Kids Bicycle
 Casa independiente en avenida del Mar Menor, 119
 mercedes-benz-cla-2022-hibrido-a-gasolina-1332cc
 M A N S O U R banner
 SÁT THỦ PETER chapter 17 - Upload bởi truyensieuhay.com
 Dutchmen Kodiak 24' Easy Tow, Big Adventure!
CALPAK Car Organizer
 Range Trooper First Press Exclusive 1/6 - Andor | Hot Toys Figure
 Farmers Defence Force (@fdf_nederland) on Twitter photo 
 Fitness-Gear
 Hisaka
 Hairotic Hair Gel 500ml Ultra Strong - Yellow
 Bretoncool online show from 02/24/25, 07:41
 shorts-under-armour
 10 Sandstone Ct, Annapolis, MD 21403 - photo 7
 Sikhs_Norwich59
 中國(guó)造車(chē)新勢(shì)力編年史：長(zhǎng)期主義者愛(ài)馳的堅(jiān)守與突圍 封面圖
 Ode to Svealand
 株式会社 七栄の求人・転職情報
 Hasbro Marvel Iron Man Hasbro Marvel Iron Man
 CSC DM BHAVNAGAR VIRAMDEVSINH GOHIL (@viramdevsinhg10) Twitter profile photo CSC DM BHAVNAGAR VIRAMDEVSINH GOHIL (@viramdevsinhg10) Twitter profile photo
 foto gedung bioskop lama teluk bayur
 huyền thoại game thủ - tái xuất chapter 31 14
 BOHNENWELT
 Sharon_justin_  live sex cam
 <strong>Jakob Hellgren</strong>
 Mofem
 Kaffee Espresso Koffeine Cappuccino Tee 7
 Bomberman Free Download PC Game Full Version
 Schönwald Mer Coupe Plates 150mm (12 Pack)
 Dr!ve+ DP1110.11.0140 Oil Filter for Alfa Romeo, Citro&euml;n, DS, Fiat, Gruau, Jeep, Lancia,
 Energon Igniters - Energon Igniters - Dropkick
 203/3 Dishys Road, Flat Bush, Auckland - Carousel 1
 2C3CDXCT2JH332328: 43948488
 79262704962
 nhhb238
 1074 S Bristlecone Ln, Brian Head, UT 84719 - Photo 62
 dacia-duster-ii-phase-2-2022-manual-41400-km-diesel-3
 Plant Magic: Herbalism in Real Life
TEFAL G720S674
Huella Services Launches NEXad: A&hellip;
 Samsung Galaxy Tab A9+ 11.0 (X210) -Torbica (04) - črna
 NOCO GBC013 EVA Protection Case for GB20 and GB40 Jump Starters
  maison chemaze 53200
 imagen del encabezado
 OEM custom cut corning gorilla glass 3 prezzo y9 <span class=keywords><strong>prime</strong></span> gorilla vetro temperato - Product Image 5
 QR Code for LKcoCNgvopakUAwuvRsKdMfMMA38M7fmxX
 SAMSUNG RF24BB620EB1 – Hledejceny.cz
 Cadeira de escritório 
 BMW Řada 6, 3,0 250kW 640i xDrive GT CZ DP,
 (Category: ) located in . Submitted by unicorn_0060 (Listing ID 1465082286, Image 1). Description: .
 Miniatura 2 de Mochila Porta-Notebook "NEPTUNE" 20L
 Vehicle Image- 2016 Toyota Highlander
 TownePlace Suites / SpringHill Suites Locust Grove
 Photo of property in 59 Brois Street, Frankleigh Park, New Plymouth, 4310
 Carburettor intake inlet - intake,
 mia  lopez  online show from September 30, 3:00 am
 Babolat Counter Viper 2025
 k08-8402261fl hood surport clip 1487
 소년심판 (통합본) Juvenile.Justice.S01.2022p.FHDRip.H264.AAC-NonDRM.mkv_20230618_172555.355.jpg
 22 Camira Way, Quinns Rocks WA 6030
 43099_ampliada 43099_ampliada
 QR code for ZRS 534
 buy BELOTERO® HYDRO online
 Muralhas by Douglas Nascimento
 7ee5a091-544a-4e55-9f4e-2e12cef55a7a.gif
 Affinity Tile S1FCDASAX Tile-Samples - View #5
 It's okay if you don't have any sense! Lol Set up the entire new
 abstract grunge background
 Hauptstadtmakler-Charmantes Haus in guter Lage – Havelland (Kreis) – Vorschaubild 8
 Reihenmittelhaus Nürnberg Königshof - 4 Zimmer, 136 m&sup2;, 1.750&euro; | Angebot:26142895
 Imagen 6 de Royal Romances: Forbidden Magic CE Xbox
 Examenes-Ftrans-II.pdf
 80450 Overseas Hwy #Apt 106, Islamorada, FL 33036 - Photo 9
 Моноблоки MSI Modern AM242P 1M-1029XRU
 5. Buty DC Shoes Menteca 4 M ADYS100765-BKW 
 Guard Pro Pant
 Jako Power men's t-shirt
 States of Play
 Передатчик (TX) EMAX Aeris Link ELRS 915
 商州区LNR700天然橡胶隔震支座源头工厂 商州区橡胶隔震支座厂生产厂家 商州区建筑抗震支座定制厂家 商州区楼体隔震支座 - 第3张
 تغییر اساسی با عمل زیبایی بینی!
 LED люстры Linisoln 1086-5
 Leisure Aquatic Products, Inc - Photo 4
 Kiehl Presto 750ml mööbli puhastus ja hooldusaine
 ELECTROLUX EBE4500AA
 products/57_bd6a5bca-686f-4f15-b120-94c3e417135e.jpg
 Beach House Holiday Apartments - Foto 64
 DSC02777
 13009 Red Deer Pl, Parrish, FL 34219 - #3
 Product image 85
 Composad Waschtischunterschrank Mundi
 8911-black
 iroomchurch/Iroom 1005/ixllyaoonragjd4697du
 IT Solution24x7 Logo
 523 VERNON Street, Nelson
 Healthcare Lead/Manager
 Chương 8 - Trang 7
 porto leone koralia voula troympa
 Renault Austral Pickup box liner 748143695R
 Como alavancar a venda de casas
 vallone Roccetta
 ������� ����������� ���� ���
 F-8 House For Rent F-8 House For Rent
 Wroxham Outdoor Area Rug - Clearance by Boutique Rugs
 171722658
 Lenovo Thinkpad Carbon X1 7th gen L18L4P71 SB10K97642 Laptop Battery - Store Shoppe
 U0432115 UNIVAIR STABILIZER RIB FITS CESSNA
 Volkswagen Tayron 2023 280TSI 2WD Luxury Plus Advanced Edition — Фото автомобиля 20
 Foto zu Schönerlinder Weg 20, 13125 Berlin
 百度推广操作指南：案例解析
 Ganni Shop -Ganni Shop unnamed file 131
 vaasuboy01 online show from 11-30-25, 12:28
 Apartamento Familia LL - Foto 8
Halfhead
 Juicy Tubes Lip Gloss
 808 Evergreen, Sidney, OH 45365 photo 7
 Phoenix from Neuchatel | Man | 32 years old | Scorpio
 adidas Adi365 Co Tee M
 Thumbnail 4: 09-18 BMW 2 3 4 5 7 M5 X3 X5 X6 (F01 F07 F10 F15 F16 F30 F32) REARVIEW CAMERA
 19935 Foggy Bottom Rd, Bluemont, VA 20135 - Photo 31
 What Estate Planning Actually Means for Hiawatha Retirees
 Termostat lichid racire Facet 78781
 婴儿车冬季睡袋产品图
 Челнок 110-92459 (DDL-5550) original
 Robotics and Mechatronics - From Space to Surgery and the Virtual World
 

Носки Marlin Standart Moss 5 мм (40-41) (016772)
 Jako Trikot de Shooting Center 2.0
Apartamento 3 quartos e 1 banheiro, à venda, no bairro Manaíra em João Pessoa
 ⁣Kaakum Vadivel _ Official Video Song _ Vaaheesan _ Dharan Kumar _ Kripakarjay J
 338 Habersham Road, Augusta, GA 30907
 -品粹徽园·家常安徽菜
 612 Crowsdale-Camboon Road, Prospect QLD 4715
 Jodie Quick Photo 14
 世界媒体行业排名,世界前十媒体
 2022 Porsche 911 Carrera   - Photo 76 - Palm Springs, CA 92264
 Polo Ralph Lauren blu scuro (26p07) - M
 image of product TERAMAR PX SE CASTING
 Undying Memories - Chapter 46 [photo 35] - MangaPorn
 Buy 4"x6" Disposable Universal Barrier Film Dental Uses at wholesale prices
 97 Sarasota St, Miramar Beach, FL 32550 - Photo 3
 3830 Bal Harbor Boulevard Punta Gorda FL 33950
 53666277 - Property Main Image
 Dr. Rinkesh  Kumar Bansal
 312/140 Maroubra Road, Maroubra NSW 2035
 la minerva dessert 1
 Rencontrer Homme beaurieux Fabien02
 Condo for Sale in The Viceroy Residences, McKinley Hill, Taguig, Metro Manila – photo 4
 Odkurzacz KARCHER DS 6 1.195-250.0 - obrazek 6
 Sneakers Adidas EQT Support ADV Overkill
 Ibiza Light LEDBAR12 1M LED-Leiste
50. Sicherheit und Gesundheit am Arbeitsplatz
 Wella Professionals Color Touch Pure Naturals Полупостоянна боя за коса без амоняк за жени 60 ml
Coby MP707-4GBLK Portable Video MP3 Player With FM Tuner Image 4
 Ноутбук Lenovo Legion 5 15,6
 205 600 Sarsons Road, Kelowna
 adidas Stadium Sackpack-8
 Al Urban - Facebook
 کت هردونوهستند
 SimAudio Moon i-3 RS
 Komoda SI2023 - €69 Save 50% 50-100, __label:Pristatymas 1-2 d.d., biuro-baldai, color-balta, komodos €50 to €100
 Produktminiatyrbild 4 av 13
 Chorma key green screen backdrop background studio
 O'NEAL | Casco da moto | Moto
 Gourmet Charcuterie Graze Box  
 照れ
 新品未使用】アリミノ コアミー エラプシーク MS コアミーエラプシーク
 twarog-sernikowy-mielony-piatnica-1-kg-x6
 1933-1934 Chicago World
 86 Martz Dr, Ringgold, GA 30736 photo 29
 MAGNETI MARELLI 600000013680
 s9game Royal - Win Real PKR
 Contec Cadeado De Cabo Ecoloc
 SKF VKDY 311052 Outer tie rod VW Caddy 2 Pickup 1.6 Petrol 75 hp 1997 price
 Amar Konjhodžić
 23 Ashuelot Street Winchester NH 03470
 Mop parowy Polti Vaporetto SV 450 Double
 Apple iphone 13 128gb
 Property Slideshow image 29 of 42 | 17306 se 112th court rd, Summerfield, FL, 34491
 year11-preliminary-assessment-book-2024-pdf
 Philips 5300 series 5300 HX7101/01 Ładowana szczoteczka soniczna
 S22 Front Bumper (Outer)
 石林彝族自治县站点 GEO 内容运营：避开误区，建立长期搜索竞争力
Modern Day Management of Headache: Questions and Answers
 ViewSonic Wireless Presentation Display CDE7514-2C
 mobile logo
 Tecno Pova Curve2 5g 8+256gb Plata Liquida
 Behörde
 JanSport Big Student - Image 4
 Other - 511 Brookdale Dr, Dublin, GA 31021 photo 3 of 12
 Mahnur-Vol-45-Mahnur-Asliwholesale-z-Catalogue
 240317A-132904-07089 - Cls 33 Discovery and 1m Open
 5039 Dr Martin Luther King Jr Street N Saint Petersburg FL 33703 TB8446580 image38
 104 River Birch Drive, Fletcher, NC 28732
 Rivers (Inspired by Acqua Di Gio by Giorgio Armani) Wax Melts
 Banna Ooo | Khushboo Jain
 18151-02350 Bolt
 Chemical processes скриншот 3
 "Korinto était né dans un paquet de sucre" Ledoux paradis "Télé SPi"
■ ■ ■
— The problem —
Give back, word for word, only the lines above from the line holding "612 Crowsdale-Camboon Road, Prospect" to the line holding "image of product TERAMAR PX SE CASTING", both included.

— Result of this exercise —
 612 Crowsdale-Camboon Road, Prospect QLD 4715
 Jodie Quick Photo 14
 世界媒体行业排名,世界前十媒体
 2022 Porsche 911 Carrera   - Photo 76 - Palm Springs, CA 92264
 Polo Ralph Lauren blu scuro (26p07) - M
 image of product TERAMAR PX SE CASTING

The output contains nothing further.